Every once in a while in the mobile gaming scene, VR or otherwise, there comes a game that knows exactly what it is, does it very well and, to the benefit of us all, leaves everything else out. Neverout is one of those games.
Neverout succeeds in every area. In VR, it is one of the most immersive games I’ve played, taking place entirely within small rooms that keep everything close so you don’t lose the 3D effect. As a puzzler, it is smart, such that even when you complete one of the easier puzzles you will smile at the cleverness of the developers. And you will be driven to find the solution to the hard ones, even when it seems like you’ve tried everything. The sound is perfectly basic. No music, just mood. It does it’s part to add to the feeling of isolation. The graphics are top notch as well. There were many times I stopped and took some time to admire just how real everything looks.

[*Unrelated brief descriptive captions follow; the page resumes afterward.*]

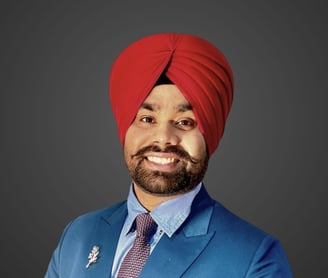 a man in a red turban wearing a blue suit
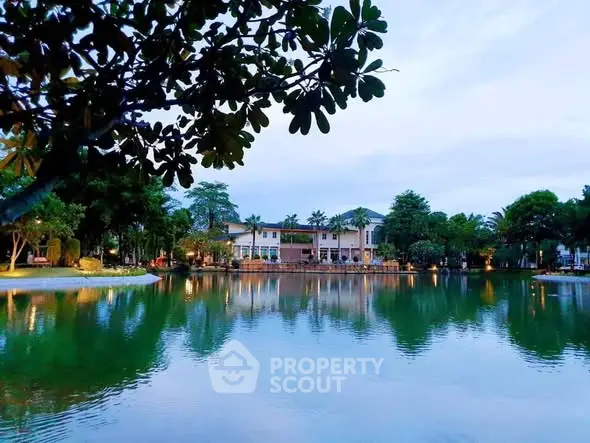 Stunning lakeside view of a luxurious property surrounded by lush greenery and serene waters.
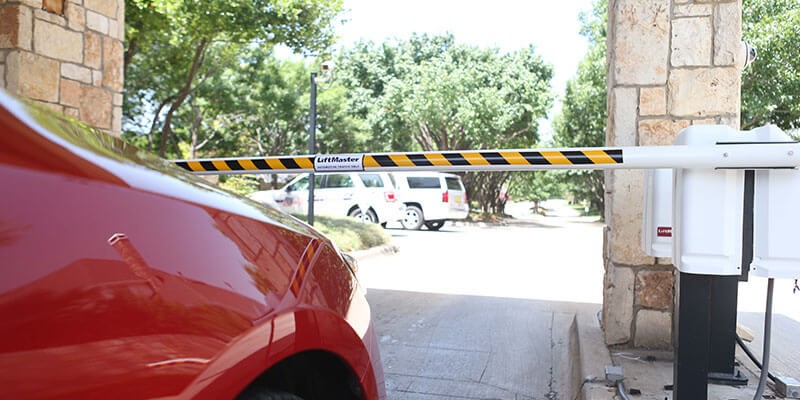 barrier arm used in front of vehicle at property entrance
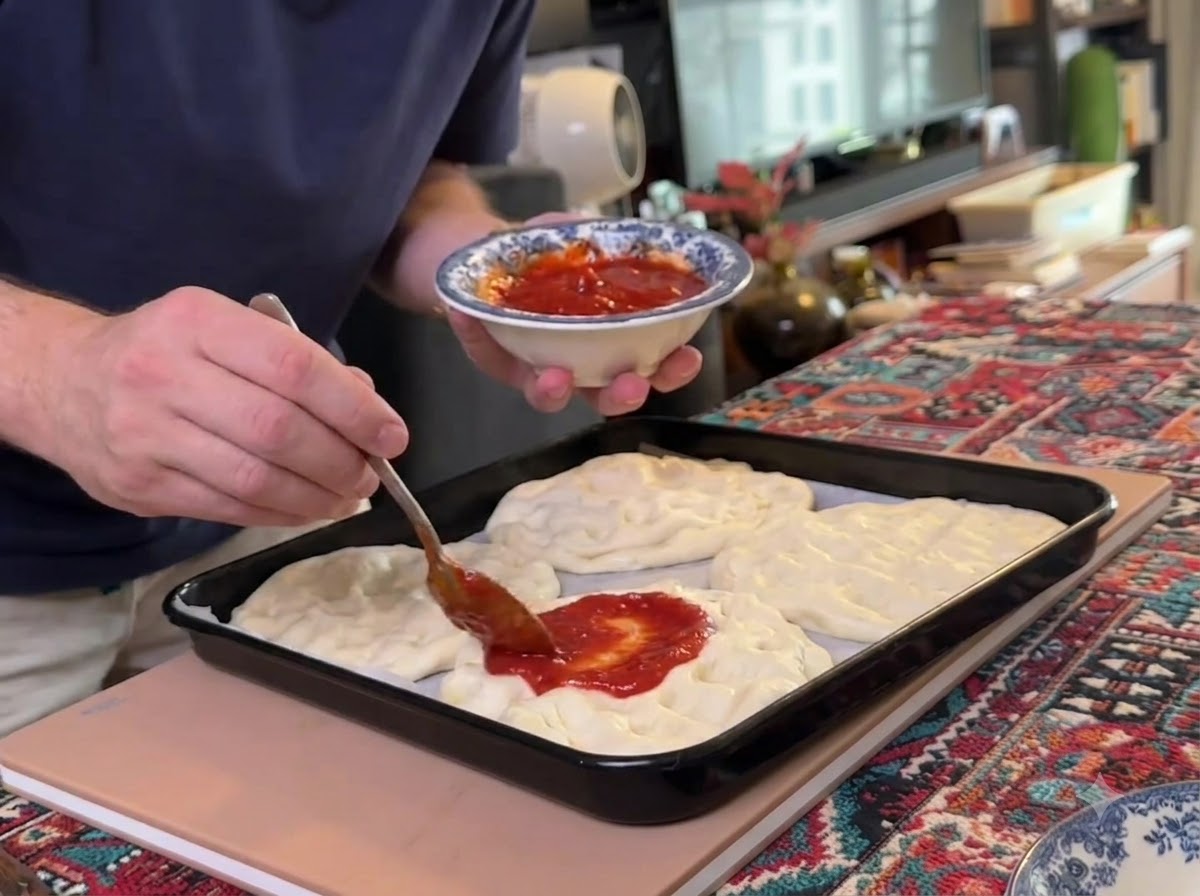Una cuchara extendiendo salsa de tomate roja sobre múltiples bases de masa de pizza aplanadas dispuestas en una bandeja de horno negra.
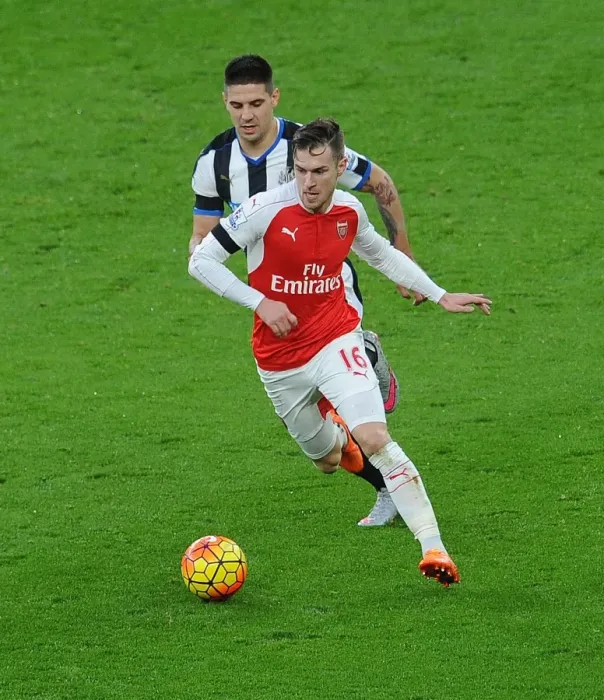Framed Print : Ramsey vs Mitrovic: Intense Clash between Arsenal's Midfielder and Newcastle's Striker in Premier League Showdown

Neverout’s key play mechanic is a rotating room. Walk toward a wall and you don’t stop when you hit it. Instead the room rotates and the wall becomes the floor. This rotation happens whether you walk on a wall, a crate, or any other solid object in the room. But you have to be careful because objects that aren’t attached to the wall will fall and if you are under them when they do you’re about the become a lot thinner.
Neverout has plenty of content that should keep you going for a few hours. In the level select chamber there is a door on each wall. One is the exit, but to open the exit you will have to complete twelve puzzles in each of the other five doors. Some puzzles are easy and will take you a matter of seconds to complete, but if you’re anything like me there are some that will take you significantly longer. In fact, you might have to take a break and come back to it with fresh eyes to see the solution.
In an earlier build of the game I was worried about the room spinning mechanic. It didn’t bother me, but I could tell by the intensity of the feeling I got in my stomach that people prone to sim-sickness were going to have issues. Lead developer Michał Wróblewski assured me that they were working on it and finding a solution was their number one priority. I couldn’t imagine how they were going to do it, but I’m happy to report they did. Their solution is so small and unobtrusive that you might not even realize it’s happening without having played the earlier build but I went from feeling like I was going to fall over, to feeling nothing at all.
Neverout is priced at $7.99. That’s a good deal cheaper than other games of similar caliber. It’s impossible to please everyone, but I think that Neverout should be a satisfying purchase for most with a Gear VR. Unfortunately, for the time being, it is only for the 2015 devices but Setapp is working on the Note 4 version and hopes to have it out in the coming weeks.